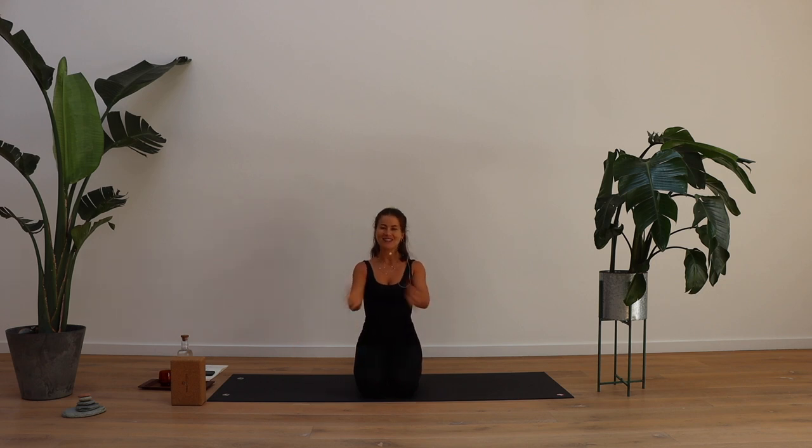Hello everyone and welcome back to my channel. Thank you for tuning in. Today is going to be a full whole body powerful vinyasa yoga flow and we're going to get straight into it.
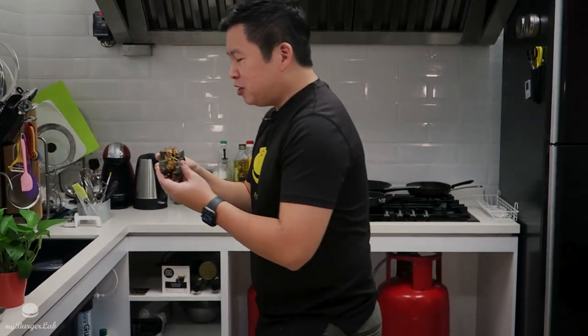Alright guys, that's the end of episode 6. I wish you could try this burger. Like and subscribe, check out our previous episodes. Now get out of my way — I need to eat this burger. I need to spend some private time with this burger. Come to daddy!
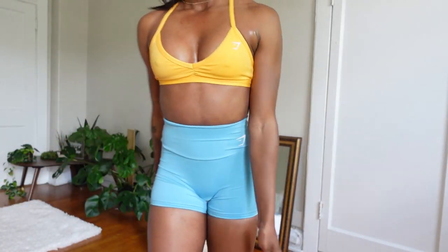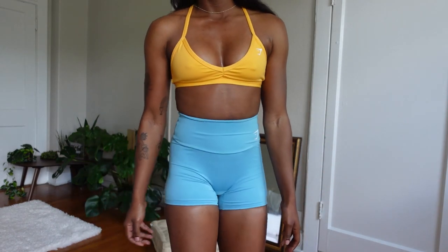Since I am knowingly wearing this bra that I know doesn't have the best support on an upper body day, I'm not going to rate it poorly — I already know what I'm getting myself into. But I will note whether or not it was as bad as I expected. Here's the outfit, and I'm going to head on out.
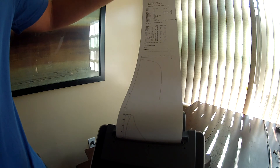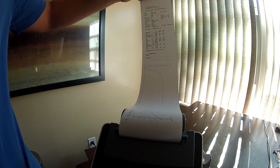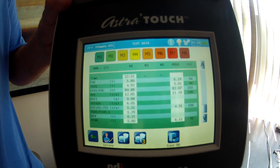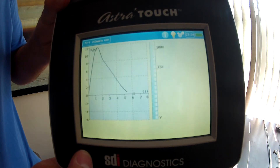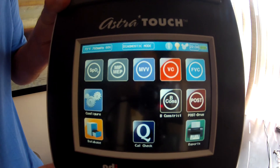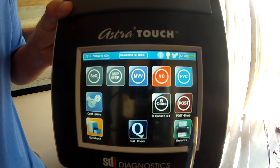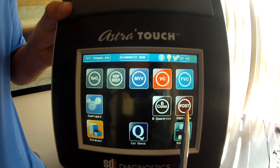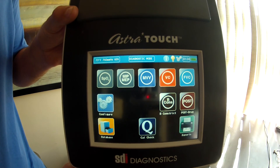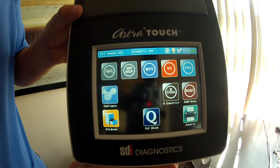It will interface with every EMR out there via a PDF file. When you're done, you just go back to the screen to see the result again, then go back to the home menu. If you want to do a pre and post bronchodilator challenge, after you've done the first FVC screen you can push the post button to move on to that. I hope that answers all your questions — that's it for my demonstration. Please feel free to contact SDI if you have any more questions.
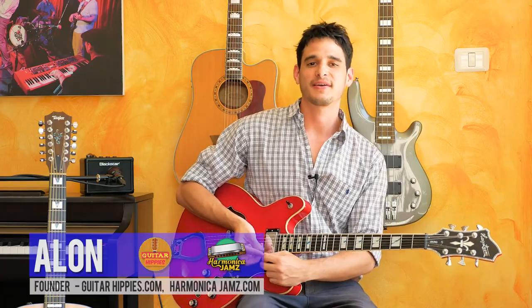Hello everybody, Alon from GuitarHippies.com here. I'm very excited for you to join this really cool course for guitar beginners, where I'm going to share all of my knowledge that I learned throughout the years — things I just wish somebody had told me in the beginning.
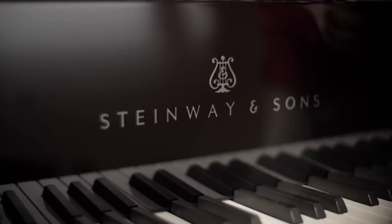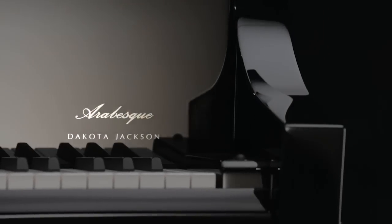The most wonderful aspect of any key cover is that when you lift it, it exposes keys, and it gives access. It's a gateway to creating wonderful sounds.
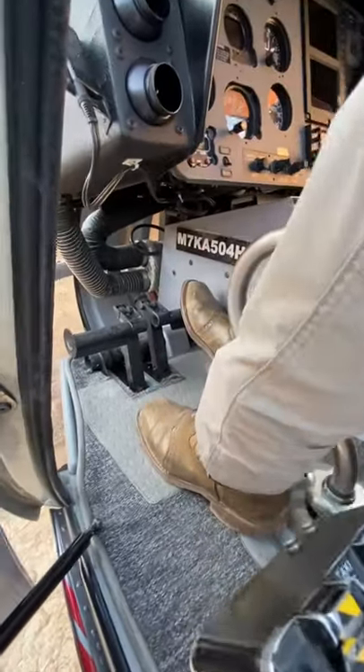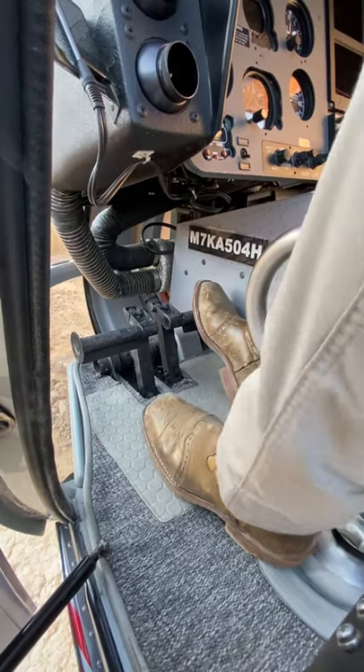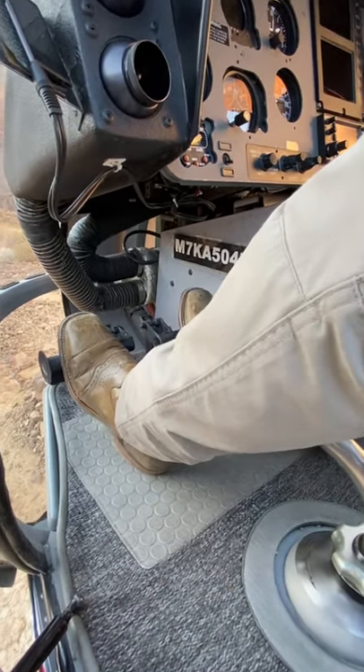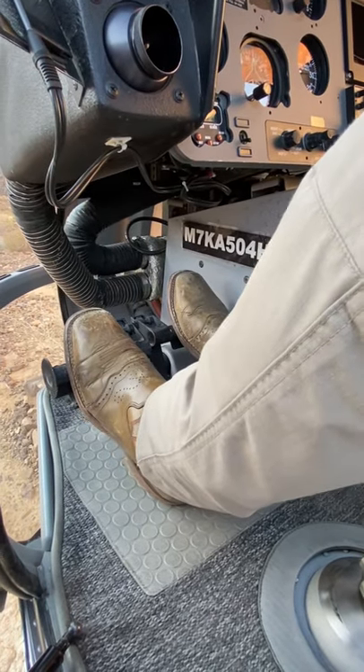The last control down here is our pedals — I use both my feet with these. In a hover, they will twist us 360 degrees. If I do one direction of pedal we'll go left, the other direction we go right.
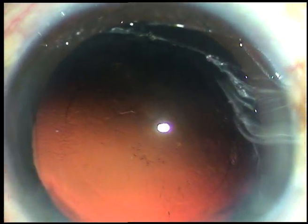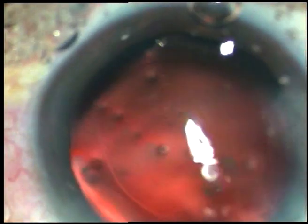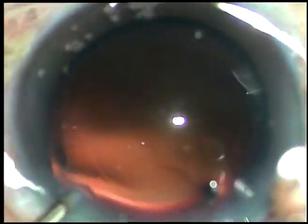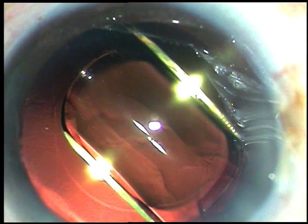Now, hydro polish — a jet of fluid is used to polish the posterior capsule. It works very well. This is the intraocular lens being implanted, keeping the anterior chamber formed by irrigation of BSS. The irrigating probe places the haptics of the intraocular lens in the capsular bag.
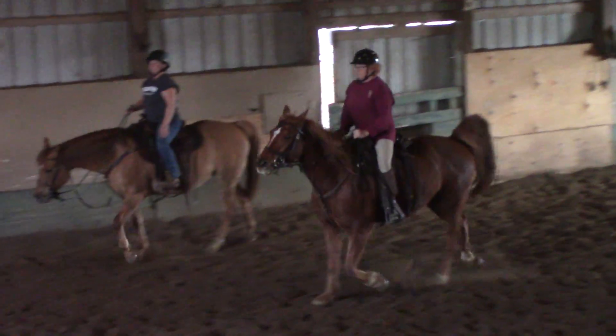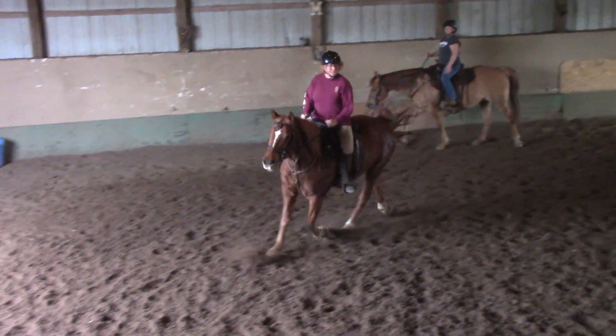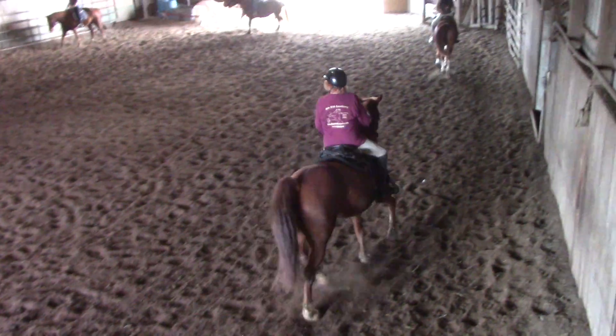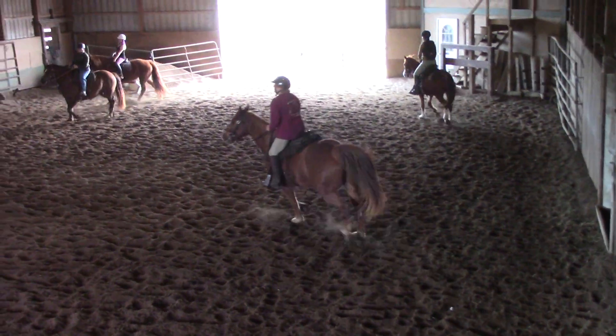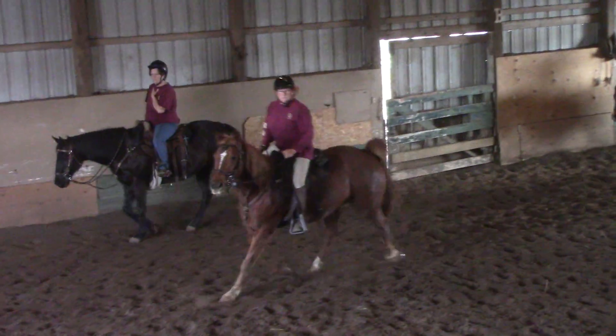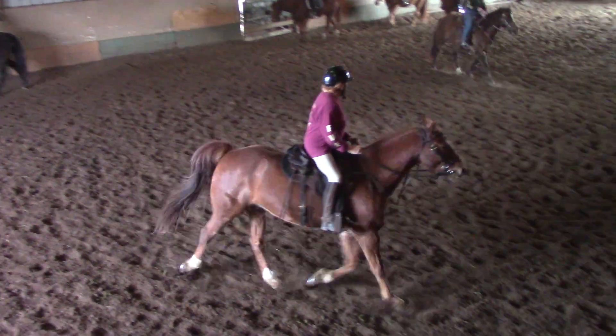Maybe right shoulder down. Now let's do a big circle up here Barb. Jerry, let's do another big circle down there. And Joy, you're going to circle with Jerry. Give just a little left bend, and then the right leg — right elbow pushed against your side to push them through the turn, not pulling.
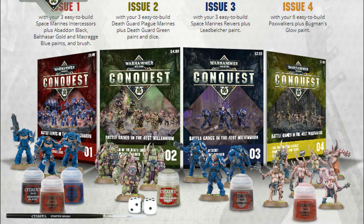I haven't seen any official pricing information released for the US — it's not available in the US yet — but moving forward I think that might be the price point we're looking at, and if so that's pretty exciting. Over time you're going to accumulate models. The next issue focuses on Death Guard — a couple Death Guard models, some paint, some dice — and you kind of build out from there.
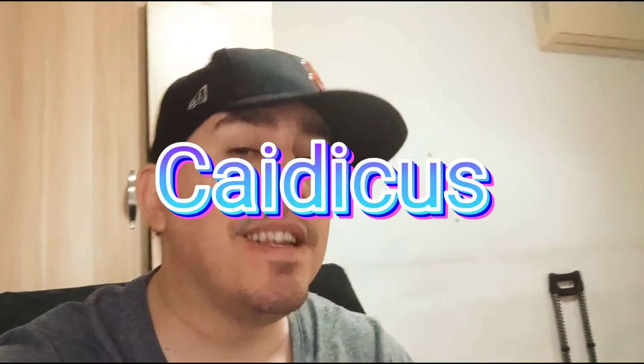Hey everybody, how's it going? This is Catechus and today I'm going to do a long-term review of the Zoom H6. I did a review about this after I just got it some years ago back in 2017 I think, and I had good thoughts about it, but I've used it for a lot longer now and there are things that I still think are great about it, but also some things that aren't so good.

= = = = = = =

*Instructions for the task*.
A word-for-word copy of the listing is needed, with no pictures in it.

*Your solution*.
Hello everyone and welcome back to my channel. Thank you for tuning in. Today is going to be a full whole body powerful vinyasa yoga flow and we're going to get straight into it.
Alright guys, that's the end of episode 6. I wish you could try this burger. Like and subscribe, check out our previous episodes. Now get out of my way — I need to eat this burger. I need to spend some private time with this burger. Come to daddy!
Since I am knowingly wearing this bra that I know doesn't have the best support on an upper body day, I'm not going to rate it poorly — I already know what I'm getting myself into. But I will note whether or not it was as bad as I expected. Here's the outfit, and I'm going to head on out.
It will interface with every EMR out there via a PDF file. When you're done, you just go back to the screen to see the result again, then go back to the home menu. If you want to do a pre and post bronchodilator challenge, after you've done the first FVC screen you can push the post button to move on to that. I hope that answers all your questions — that's it for my demonstration. Please feel free to contact SDI if you have any more questions.
Hello everybody, Alon from GuitarHippies.com here. I'm very excited for you to join this really cool course for guitar beginners, where I'm going to share all of my knowledge that I learned throughout the years — things I just wish somebody had told me in the beginning.
The most wonderful aspect of any key cover is that when you lift it, it exposes keys, and it gives access. It's a gateway to creating wonderful sounds.
The last control down here is our pedals — I use both my feet with these. In a hover, they will twist us 360 degrees. If I do one direction of pedal we'll go left, the other direction we go right.
Now, hydro polish — a jet of fluid is used to polish the posterior capsule. It works very well. This is the intraocular lens being implanted, keeping the anterior chamber formed by irrigation of BSS. The irrigating probe places the haptics of the intraocular lens in the capsular bag.
Maybe right shoulder down. Now let's do a big circle up here Barb. Jerry, let's do another big circle down there. And Joy, you're going to circle with Jerry. Give just a little left bend, and then the right leg — right elbow pushed against your side to push them through the turn, not pulling.
I haven't seen any official pricing information released for the US — it's not available in the US yet — but moving forward I think that might be the price point we're looking at, and if so that's pretty exciting. Over time you're going to accumulate models. The next issue focuses on Death Guard — a couple Death Guard models, some paint, some dice — and you kind of build out from there.
Hey everybody, how's it going? This is Catechus and today I'm going to do a long-term review of the Zoom H6. I did a review about this after I just got it some years ago back in 2017 I think, and I had good thoughts about it, but I've used it for a lot longer now and there are things that I still think are great about it, but also some things that aren't so good.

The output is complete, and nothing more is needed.